Lo cierto es que lo único que subió a principios del dos mil en América Latina no fueron los partidos de izquierda, a la par lo hizo la demanda mundial por materias primas, el rubro al que pertenecen la mayoría de las exportaciones de la región. Así, las economías de América Latina y el Caribe crecieron en promedio un 3,5% anual entre el año 2000 y el 2008, comparado con un crecimiento en promedio de 2,65% en la década anterior (Banco Mundial, 2015). Esto creó una fuente de ingresos inesperada para los gobiernos que llegaban al poder y la bonanza económica permitió financiar programas sociales e inversiones públicas pero, sobre todo, supuso un clima de prosperidad interna que consolidó la popularidad de los gobiernos latinoamericanos de la época.

Pero en 2009, con la crisis económica internacional y un par de años después, con la desaceleración china y su reducción en el consumo de material primas, la bonanza económica terminó. El precio del barril de petróleo, por ejemplo, que es la fuente de ingresos más importante de varios países de la región, se ha reducido en al menos el 50% entre 2013 y 2015.

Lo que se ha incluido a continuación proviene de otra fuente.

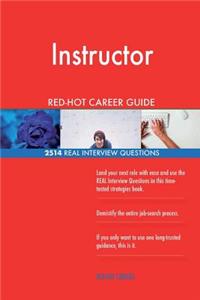 Instructor RED-HOT Career Guide; 2514 REAL Interview Questions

Aunque la crisis no sea la culpable del cambio político en la región –los errores particulares de cada uno de los proyectos políticos internos tiene más velas en ese entierro- sí supuso un contexto contrario para los gobiernos de izquierda que han tenido que enfrentar estas crisis con presupuestos mermados y ciudadanos descontentos por el estancamiento económico.

En efecto, lo que los salvó a principios del milenio ahora los condena: la predilección de la historia por la ironía y las implacables fuerzas del mercado.